An increasing number tenants have found a job, or believe they will find one. Rather than continue to double up with family members or friends, they’re opting to go it alone as renters.
However, the fragile improvement in the apartment sector could be derailed if significant problems erupt in the jobs market. “If (upcoming) job numbers are disappointing, there’s always a chance we could slide back. But knock on wood, we’re cautiously optimistic that we’ve turned the corner and can move forward,” says Severino.
In the second quarter, more than two-thirds of the addition to occupied stock (70%) came from existing buildings leasing up empty units. Both asking and effective rents grew at a faster pace than in the first quarter, increasing by 0.4% and 0.7% respectively, according to Reis. The research firm believes that the apartment sector bottomed out in the fourth quarter of last year.
Rents on the rise
Not all markets are recovering at the same pace, of course. In New York City, the apartment vacancy rate declined slightly in the first quarter to a tight 2.8% compared with 2.9% in the fourth quarter, according to Reis. Second-quarter data has not yet been posted. Effective rents in New York grew by 0.9% to an average of $2,667 over the same period.
The story was much different in Houston where the first-quarter apartment vacancy rate rose to a whopping 12.9% from 12.3% in the fourth quarter. But effective rents grew on a quarterly basis by an encouraging 1.1% to $717.
In Chicago, meanwhile, the first-quarter vacancy rate dropped to 6.6% from 6.7% in the fourth quarter.

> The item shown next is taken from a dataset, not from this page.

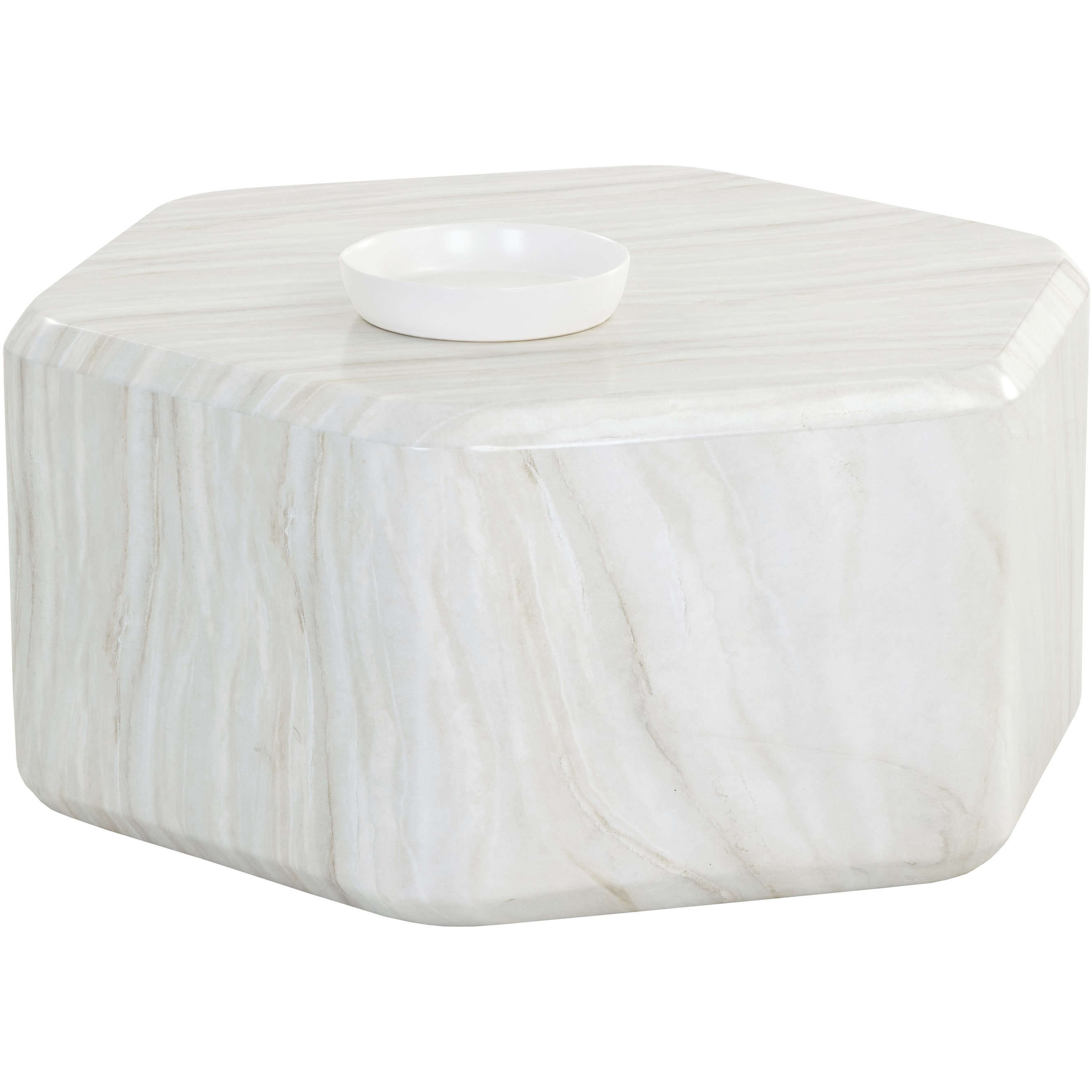 Spezza 33 X 29.5 inch Marble Look / Cream Outdoor Coffee Table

Effective rents rose 0.5% to $975, after earlier declining by 1.3% in the fourth quarter.
Across the country, asking and effective rents grew at a faster pace in the second quarter than in the first quarter, and landlords cut back on concession packages.
The improving fundamentals stood in stark contrast to last year, when effective rents dropped 2.9%.
But Reis is cautious. “There is a risk with everything going on in the world that the economy might slide back a little bit,” says economist Severino. “But my baseline assumption, what I’m most hopeful about, is that we just keep on this slow, pedestrian economic recovery and that the real estate market will follow along with that.”